Gelegentlich wird Avalon als „fast autofrei“ beschrieben, aber das beruht auf einem Missverständnis. Tatsächlich hat die Stadt die Zulassung von Autos mit Verbrennungsmotor auf rund 700 (bei über 4.000 Einwohnern) beschränkt, es gibt eine lange Warteliste, 14 Jahre werden kolportiert. Allerdings: Golfcarts sind davon nicht betroffen und es gibt hier knapp 1.500 davon, auch Autos unter einer Gesamtlänge von 3,05 m sind ausgenommen, Smarts und ähnliche sind also ebenfalls sehr beliebt.
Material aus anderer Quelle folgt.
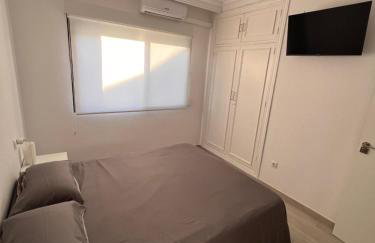Ático De Lujo 140m2 con Terraza en el Centro, junto a la playa, restaurantes y chiringuitos en Punta Umbría - 10 Personas - Foto 18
Der Parkplatz vor dem Supermarkt sieht jedenfalls so aus:

Eine weitere Besonderheit in Avalon ist das markante „Catalina Casino“ am Beginn der Nordmole. Der 1929 fertiggestellte markante Rundbau, außen mit klassischen Anleihen, ist innen im Art Deco Stil ausgestattet. Er war nie ein Spielkasino, sondern birgt im Erdgeschoss ein 1.500 Plätze fassendes Theater/Kino und darüber einen für 6.000 Tänzer ausgelegten Ballsaal. Derzeit findet dort ein Jazz-Festival statt, aber die Karten sind schwer zu bekommen. Im Kino aber sind wir – gemeinsam mit ein paar Bootsnachbarn – fast die einzigen Gäste.



Angenehme Überraschung für uns: das Wasser ist mit 22 Grad vergleichsweise warm und außerdem wunderbar klar. Nach erheblichen Schwierigkeiten mit der Wasserqualität noch im letzten Jahrzehnt war die Stadt Avalon (wenn auch erst durch mehrere angestrengte Verfahren) gezwungen, erheblich in ihr Abwassersystem zu investieren. Wir bekommen auch wieder eine Färbetablette in die Toilette. Inzwischen gelten die Strände und Gewässer nicht mehr als verschmutzt und die Tauch- und Schnorchelplätze erfreuen sich großer Beliebtheit. Direkt am Casino ist ein abgetrennter Tauch- und Schnorchelbereich. Das lassen wir uns nicht entgehen. Erstmals schnorcheln wir in einem Kelpwald. Ein ganz besonderes Erlebnis, zumal sich hier neben kleinen Schwarmfischen, Grünlingen und anderen Fischarten auch Garibaldi-Fische darin tummeln. Diese mit über 30 cm ziemlich großen leuchtend orangefarbenen Riffbarsche sind eine Besonderheit dieser Meeresregion und sorgen für wunderbare Farbkontraste im grün-braunen Kelp.






Endlich wieder schnorcheln. Wir haben den Norden sehr genossen, aber das Gefühl, so langsam wieder im Süden anzukommen, ist auch richtig klasse.